Friday, January 1, 2021

Meditation 110

1 January 2020

Maskless, feckless, Rudolph Guiliani, stood at Mar-a-Lago’s staircase in purple velvet tuxedo jacket, his ear attuned to lip-synching 80s stars. This epic fails to synch. “I knew Leopold Bloom,” one might say, “and you are not Leopold Bloom, nor was meant to be.” “It’s epic!” a student ejaculated, and I thought he referred to Homer. What had seemed a form of knowing was reduced to idiomatic phrase, like an ode turned to jingle, or Bob Dylan snarling over a shiny Buick. There’s no such thing as a candid selfie. This is not to say that anyone feels nostalgia for the days of candid camera, when we were caught off-guard, our faces betraying boredom or bafflement or joy. Good reason to shut off your zoom video and listen to music, while the department sings boy band harmonies. Is it patriarchy when women do it? Do you wake up one day to find yourself an icon because someone has tried to break you on twitter? The tweet is dead, but its typist is all intention, fingers on her phone, making an example. If example’s divorced from thesis statement, you’ve got surrealism half-baked.

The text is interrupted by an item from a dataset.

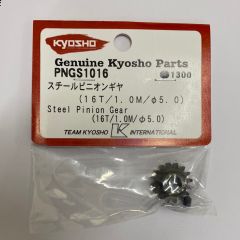 Kyosho Pinion Gear 16T 1/8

We tried so hard to figure out our dreams but all they did was show us how to separate stories from events, meaning from itself. And we simply couldn’t let it go, could we, like elephants unable to manage their fear of bees. Such smart animals that they grieve, but they’re terrorized by buzz. The man who blew up a city street thought politicians lizards; his conspiracy’s dream logic took out cell phones for days. To lust for an audience ties a tourniquet on your art; it might save you, but the cost is banality. Dress that up in velvet, send it down the stairs; Rudy is the hero of his own fan fic. The survivor was a ruse for re-runs. Lear had better lines, but he got canceled after a single season.